*WORK INSTRUCTION:* Reproduce without any pictures the lines from the one that contains "2022 Ford Expedition Max Limited MAX" through the end of the records, exactly as written.

Image-text web data
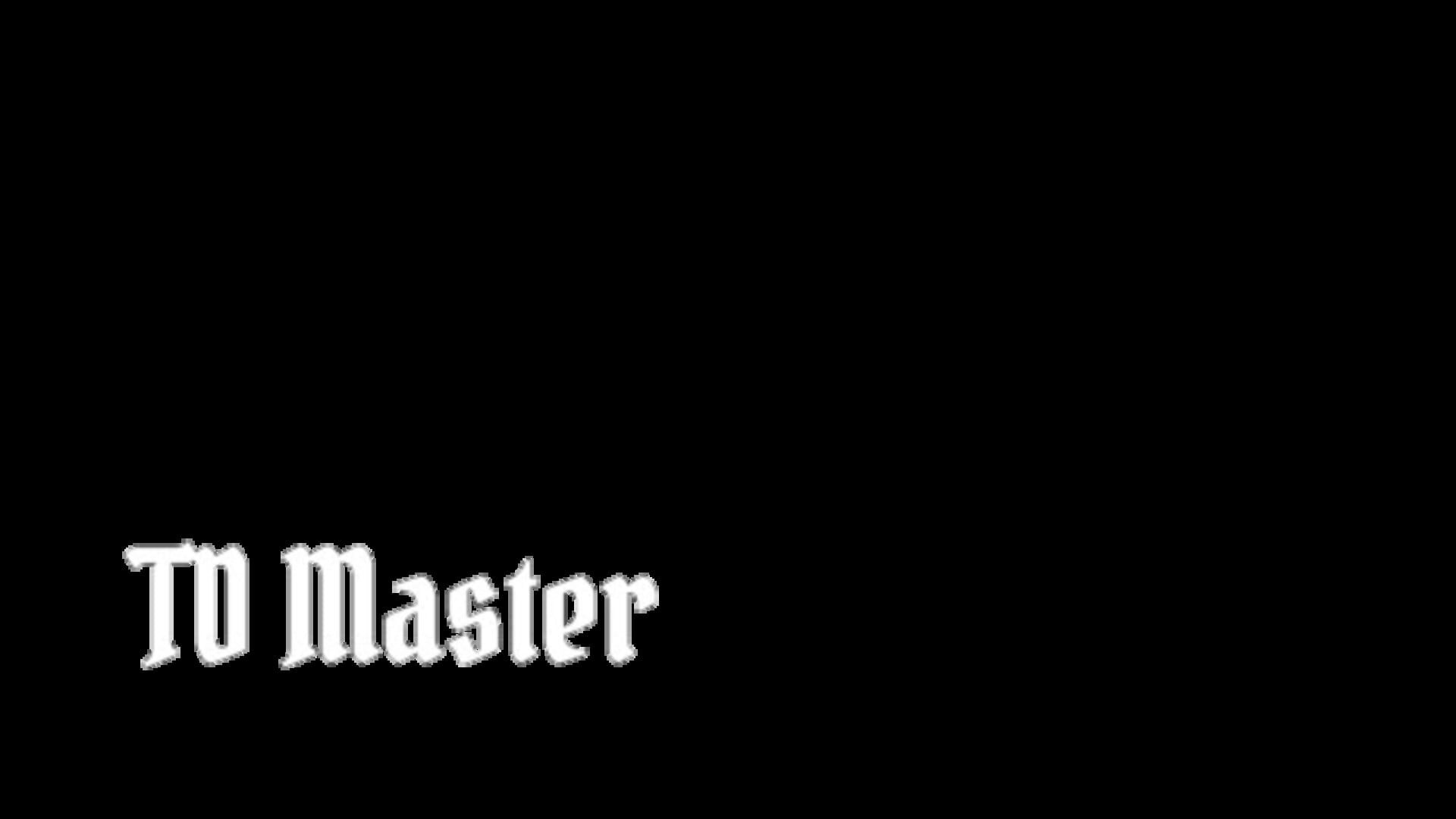TD Master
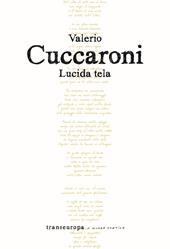 Lucida tela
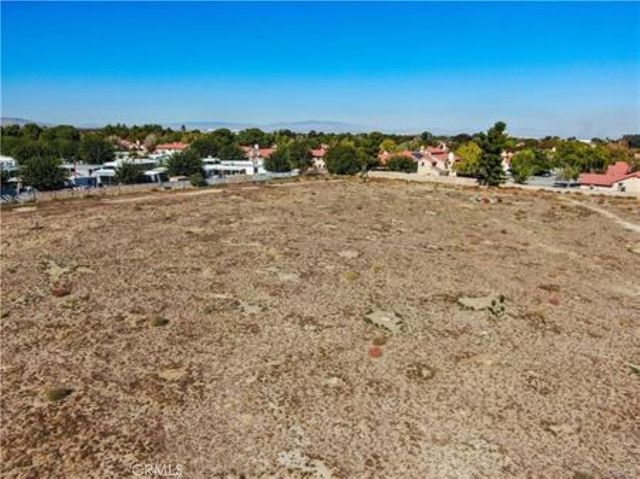 47 vic avenue R11, Palmdale, CA 93553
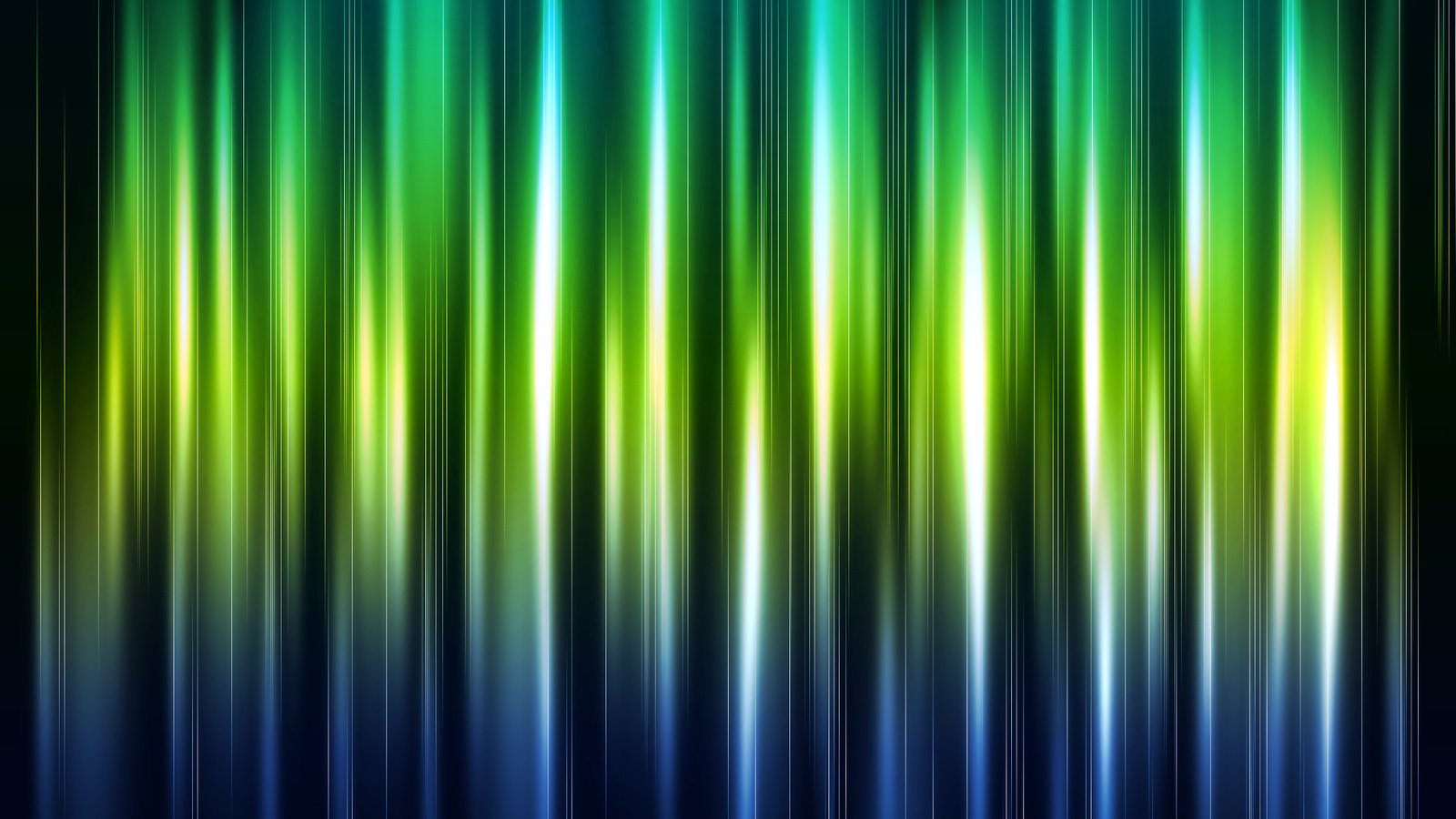 Обои свет, линии, зелёный, синий, цвет, тень, light, line, green, blue, color, shadow разрешение 2560x1600 Загрузить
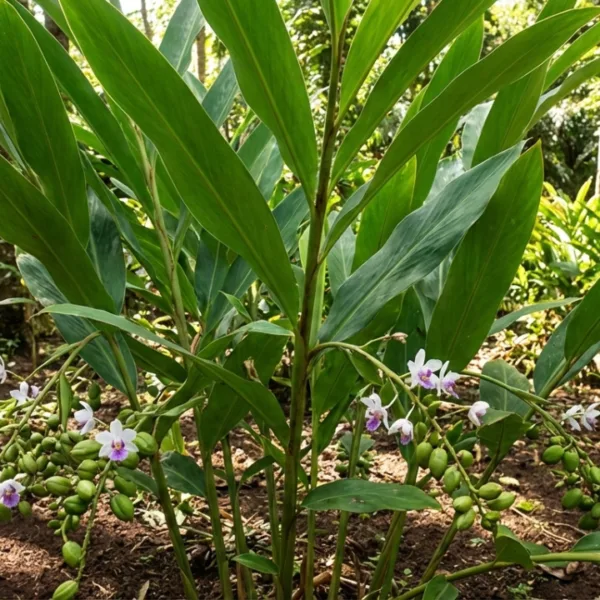 ఈ మొక్క‌తో సంపాద‌న పెరుగుతుందా?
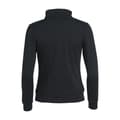 Miniatyrbild 2 av 4: Clique Kvinnor/Damer Basic Jacket
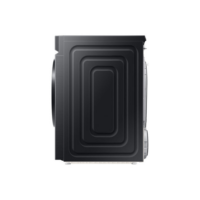 9eem8p-laundry_care-108-5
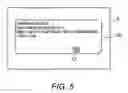 Fig. 06 - Playback device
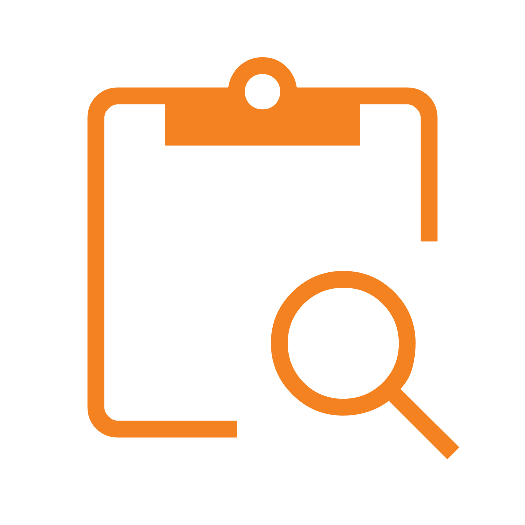 content_paste_search_525dp_F48221_FILL0_wght200_GRAD0_opsz48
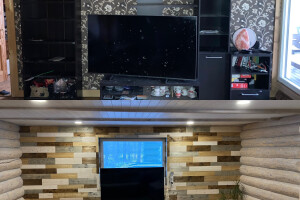 KOIJAN OÜ Üldehitus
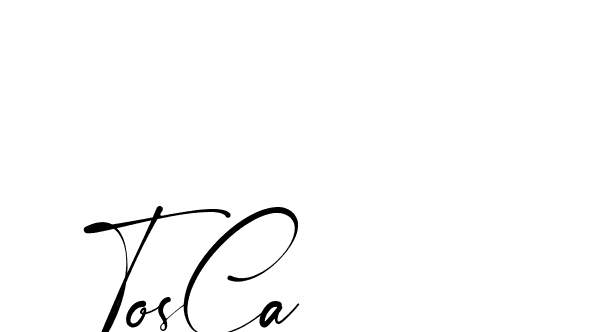 The best way (Amstone-rg547) to make a short signature is to pick only two or three words in your name. The name Ceard include a total of six letters. For converting this name. Ceard signature style 2 images and pictures png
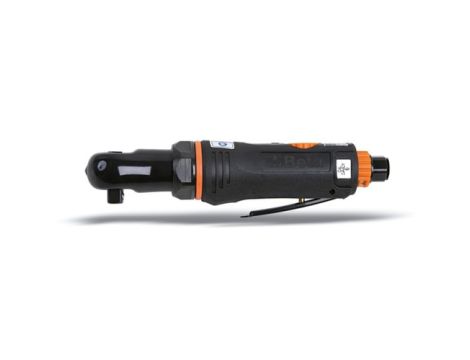 BETA - Klucz kątowy dwukierunkowy z mechanizmem zapadkowym 3/8'’ 27Nm - 1921M2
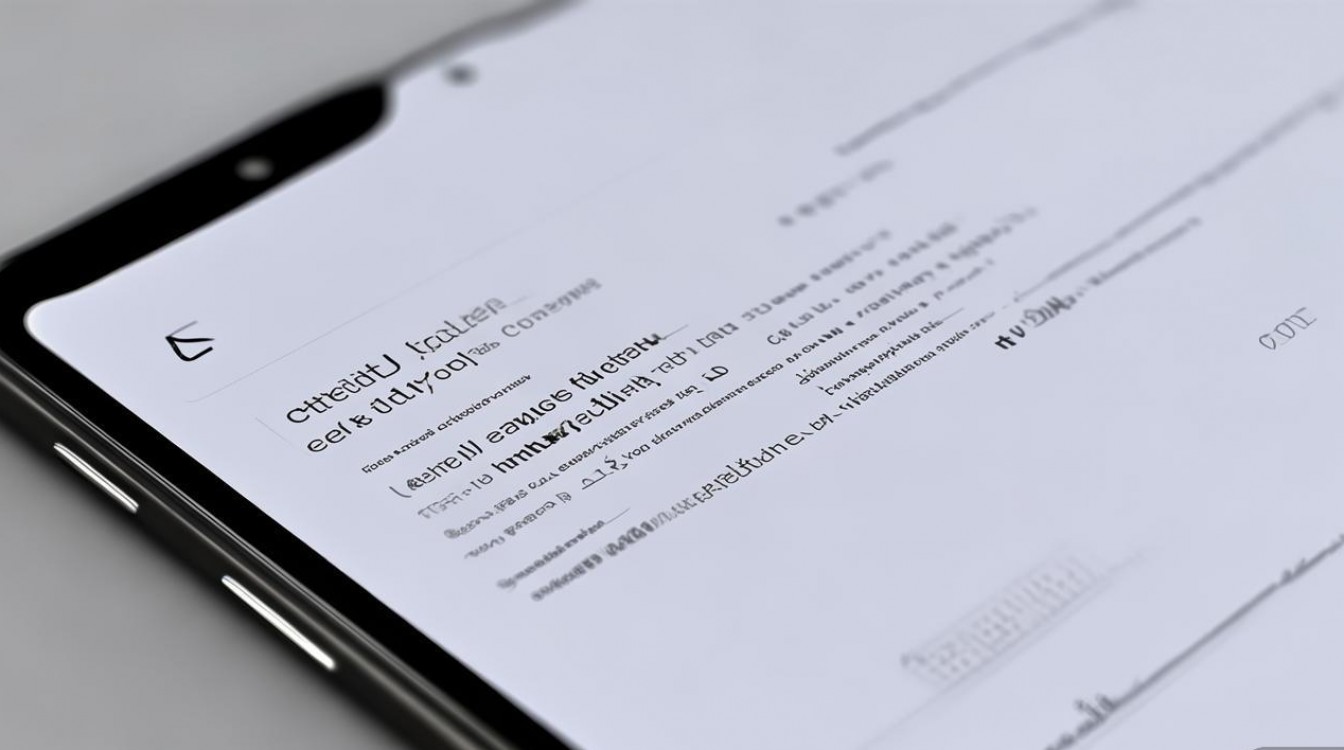 Redmi K60怎么设置来电闪光灯？详细教程步骤来了！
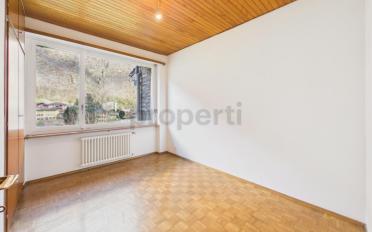 Appartement 5.5 pièces - image - 9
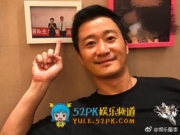 吴京被曝将与范·迪塞尔合作新片 难道是激情的战狼
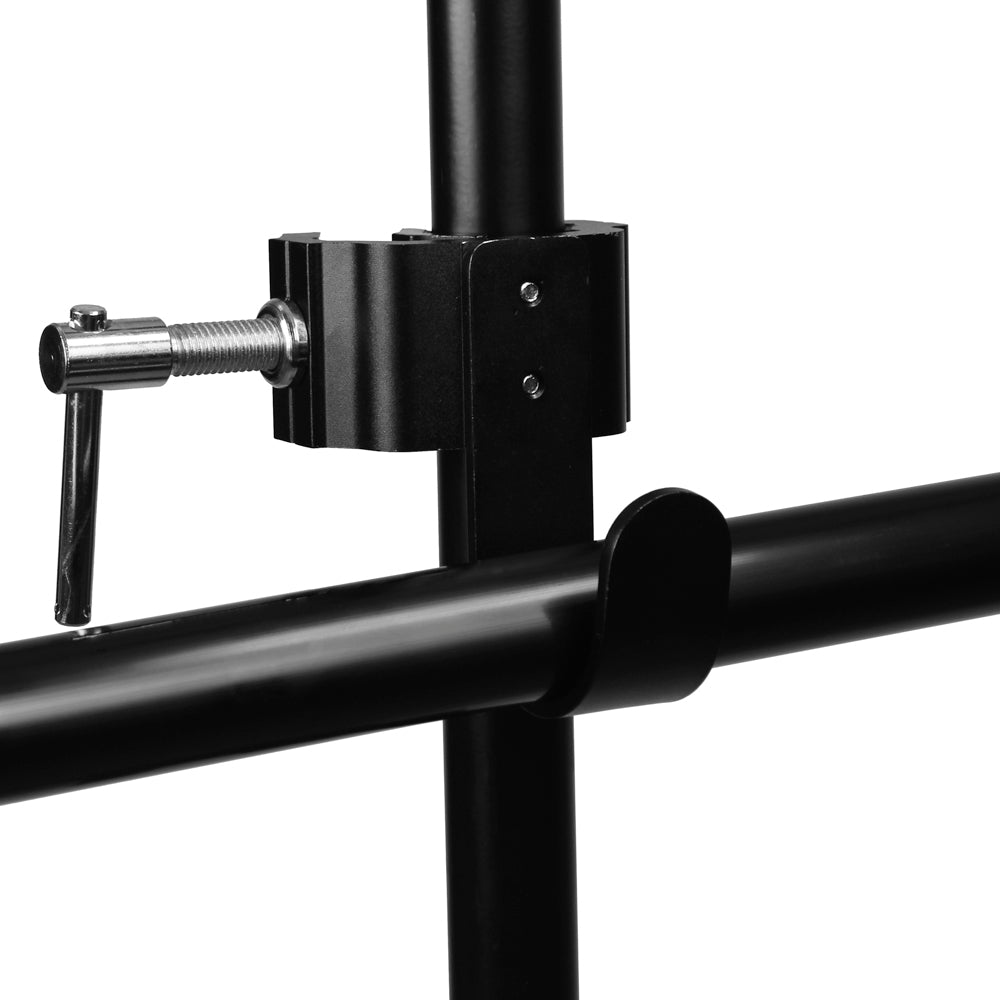 Falcon Eyes Klemmen CBH-11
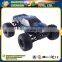 9115 powerful 40km per hour off-road rtr high speed rc car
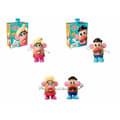 Miniatyrbillede 4 af 11: Lærerigt Spil Hasbro Potato Head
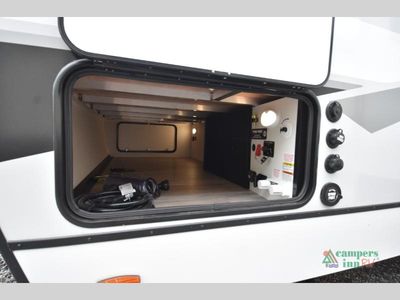 2025 Alliance RV Delta Ultra Lite — photo 14 view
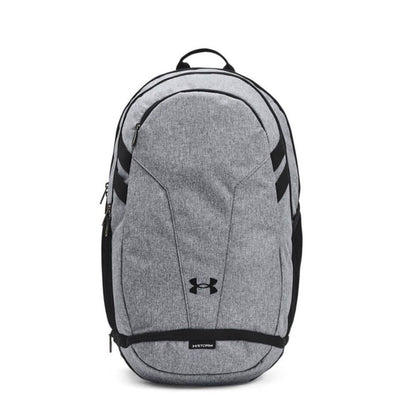 Under Armour Hustle 5.0 Team Backpack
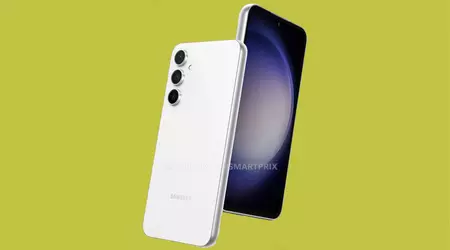 Når Samsung Galaxy S23 FE, Galaxy Tab S9 FE, Galaxy Tab S9 FE Plus og andre nye produkter i serien blir avduket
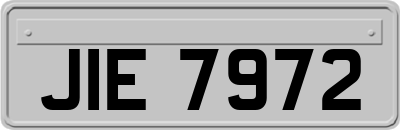 JIE7972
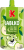 Kubuś MUS 200g JABŁKO [10]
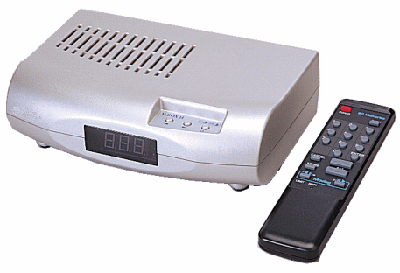 satellite-positioner-v-boxii-.gif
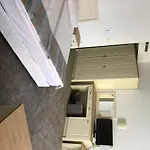 梅纳皇宫酒店 - 全包
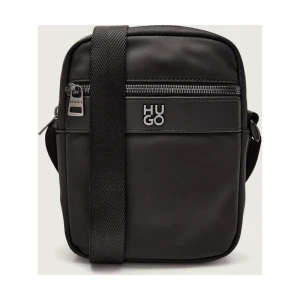 HUGO Reporterka Quantic_N_NS_Zip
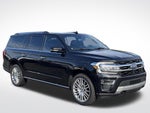 2022 Ford Expedition Max Limited MAX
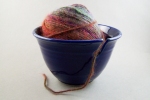 Yarn Bowl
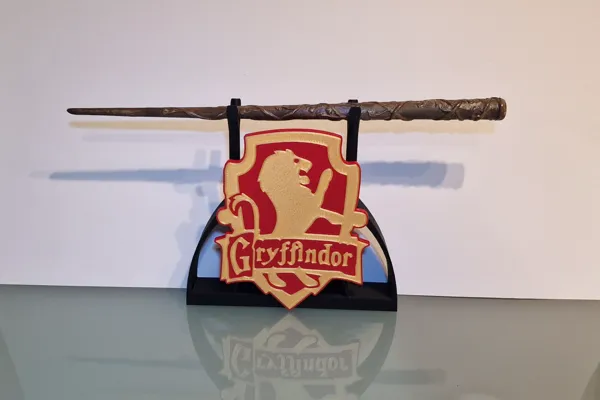 https://makerworld.bblmw.com/makerworld/model/USaf09d63a2612ab/design/2024-04-07_f0b00b0774ae8.jpg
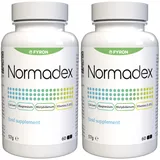 Fyron Normadex Kapseln 120 St.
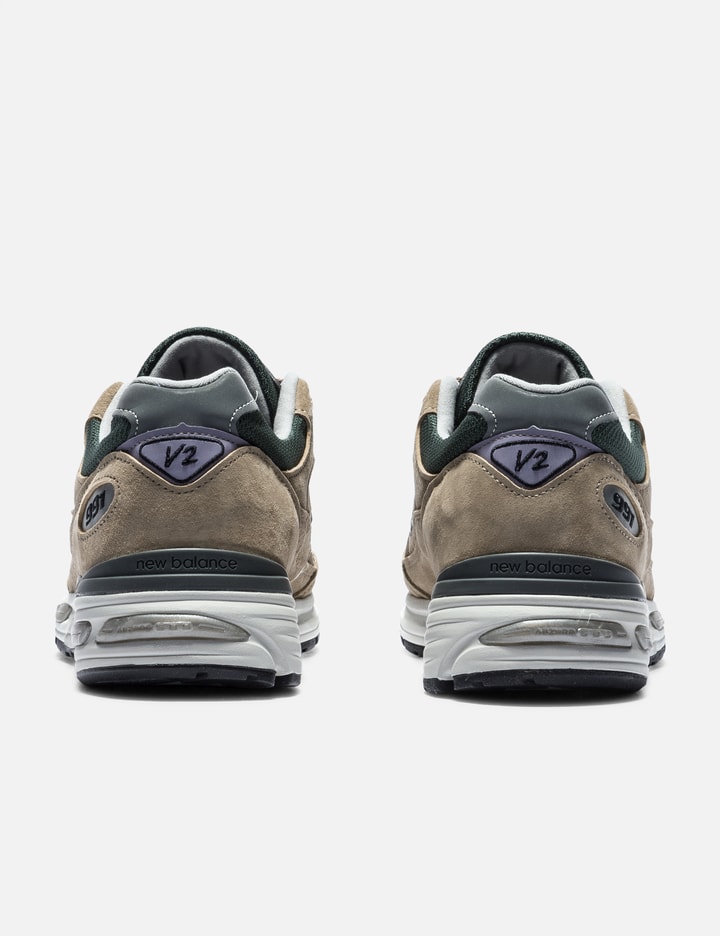 Made in UK 991v2 Placeholder Image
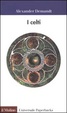 Cover of I Celti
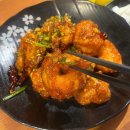 못골로08 이미지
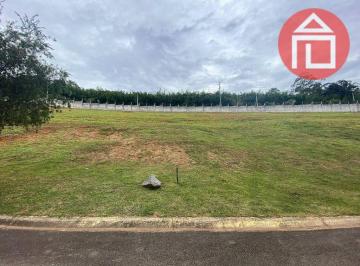 b269d2e596cf27ea6998f00220625506eb42eeae · Terreno à venda, 534 m² por R$ 530.000,00 - Condomínio Vale das Águas - Bragança Paulista/SP
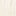 beige chiaro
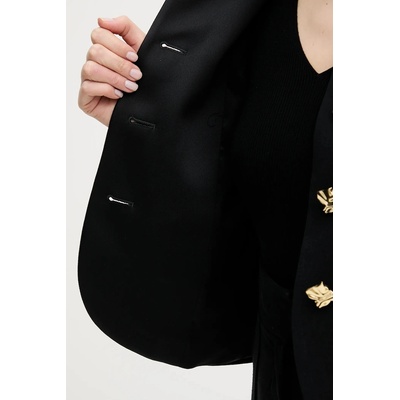 Marella Сако Marella MLTFALESIA (2613041063200)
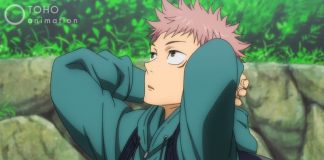 animes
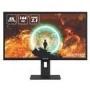 electriQ 28" 4K IPS UHD 144Hz Monitor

*RESPONSE BOX:*
 2022 Ford Expedition Max Limited MAX
 Yarn Bowl
 https://makerworld.bblmw.com/makerworld/model/USaf09d63a2612ab/design/2024-04-07_f0b00b0774ae8.jpg
 Fyron Normadex Kapseln 120 St.
 Made in UK 991v2 Placeholder Image
 Cover of I Celti
 못골로08 이미지
 b269d2e596cf27ea6998f00220625506eb42eeae · Terreno à venda, 534 m² por R$ 530.000,00 - Condomínio Vale das Águas - Bragança Paulista/SP
 beige chiaro
 Marella Сако Marella MLTFALESIA (2613041063200)
 animes
 electriQ 28" 4K IPS UHD 144Hz Monitor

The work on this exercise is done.